» **What to produce**: Scan the entries below line by line and state how many lines contain the string "Market", giving only the number.

Collected data entries:
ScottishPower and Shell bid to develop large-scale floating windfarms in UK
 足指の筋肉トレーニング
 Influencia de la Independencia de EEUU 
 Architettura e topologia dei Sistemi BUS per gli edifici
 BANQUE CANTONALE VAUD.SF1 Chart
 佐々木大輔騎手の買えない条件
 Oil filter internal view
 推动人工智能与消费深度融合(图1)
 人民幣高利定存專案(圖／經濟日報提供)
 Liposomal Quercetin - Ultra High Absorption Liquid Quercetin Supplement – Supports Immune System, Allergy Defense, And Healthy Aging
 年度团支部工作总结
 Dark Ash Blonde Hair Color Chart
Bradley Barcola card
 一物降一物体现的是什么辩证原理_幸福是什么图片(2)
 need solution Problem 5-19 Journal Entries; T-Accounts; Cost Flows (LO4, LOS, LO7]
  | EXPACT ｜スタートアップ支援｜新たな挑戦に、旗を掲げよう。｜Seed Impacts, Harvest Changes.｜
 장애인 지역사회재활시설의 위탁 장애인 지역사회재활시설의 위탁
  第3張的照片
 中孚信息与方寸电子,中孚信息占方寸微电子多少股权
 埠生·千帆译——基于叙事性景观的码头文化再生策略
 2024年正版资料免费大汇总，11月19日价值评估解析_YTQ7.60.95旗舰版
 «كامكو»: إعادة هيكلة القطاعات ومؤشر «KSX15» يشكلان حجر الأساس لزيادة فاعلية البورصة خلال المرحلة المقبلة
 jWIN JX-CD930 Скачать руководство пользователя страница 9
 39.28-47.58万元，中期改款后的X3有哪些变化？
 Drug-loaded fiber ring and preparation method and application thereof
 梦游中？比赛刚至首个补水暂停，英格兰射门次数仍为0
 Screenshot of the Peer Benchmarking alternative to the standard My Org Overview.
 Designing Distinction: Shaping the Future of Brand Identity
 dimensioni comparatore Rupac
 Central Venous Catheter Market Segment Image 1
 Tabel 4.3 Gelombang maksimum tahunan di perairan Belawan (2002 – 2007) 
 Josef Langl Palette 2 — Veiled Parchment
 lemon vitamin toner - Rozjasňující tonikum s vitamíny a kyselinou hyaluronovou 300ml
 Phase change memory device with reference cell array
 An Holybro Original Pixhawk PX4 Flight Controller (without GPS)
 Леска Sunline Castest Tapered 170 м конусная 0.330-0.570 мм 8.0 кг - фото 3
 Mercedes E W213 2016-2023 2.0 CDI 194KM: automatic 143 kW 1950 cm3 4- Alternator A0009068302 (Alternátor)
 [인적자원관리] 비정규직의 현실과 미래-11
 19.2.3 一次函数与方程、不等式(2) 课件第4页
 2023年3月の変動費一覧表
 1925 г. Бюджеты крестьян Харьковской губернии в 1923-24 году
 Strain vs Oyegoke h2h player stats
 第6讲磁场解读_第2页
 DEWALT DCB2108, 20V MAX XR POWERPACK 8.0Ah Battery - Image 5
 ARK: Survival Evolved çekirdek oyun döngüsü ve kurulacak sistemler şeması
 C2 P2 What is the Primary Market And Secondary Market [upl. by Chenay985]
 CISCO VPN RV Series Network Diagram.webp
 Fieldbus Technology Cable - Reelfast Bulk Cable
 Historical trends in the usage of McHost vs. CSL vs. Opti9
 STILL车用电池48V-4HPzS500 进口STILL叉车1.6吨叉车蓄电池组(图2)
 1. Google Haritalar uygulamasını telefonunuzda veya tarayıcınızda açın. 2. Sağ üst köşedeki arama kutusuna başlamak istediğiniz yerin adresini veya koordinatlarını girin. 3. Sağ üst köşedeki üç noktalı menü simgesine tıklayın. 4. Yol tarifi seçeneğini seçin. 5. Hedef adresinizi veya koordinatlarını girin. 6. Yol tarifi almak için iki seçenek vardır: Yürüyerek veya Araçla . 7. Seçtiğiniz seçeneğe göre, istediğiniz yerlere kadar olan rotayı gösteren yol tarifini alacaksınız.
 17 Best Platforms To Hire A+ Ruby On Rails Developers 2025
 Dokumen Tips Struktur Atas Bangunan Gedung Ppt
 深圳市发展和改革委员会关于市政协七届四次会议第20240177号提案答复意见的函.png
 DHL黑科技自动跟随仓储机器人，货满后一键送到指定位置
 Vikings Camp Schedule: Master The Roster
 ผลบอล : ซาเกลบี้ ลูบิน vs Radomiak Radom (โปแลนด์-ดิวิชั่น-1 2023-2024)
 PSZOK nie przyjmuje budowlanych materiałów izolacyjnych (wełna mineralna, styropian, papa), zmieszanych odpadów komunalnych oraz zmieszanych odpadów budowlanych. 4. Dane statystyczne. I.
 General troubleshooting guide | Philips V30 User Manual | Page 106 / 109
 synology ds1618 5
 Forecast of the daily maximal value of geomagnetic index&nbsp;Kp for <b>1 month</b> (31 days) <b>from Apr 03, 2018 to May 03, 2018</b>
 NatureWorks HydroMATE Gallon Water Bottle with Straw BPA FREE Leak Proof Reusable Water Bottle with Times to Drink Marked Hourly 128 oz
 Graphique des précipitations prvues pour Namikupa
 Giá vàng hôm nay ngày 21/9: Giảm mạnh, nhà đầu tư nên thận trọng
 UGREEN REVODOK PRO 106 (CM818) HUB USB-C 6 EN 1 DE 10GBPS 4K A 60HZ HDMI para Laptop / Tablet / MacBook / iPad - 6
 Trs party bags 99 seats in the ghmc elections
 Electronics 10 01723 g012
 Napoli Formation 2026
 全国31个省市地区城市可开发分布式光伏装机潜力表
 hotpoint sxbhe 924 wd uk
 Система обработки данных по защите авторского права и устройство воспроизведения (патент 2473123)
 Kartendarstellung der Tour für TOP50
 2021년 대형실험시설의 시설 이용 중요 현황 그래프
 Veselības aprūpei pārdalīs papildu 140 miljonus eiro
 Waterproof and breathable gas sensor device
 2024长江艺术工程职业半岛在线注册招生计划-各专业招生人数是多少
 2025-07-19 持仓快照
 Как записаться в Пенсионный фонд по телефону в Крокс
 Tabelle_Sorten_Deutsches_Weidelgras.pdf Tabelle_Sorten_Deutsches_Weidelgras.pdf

» **Final answer**: 2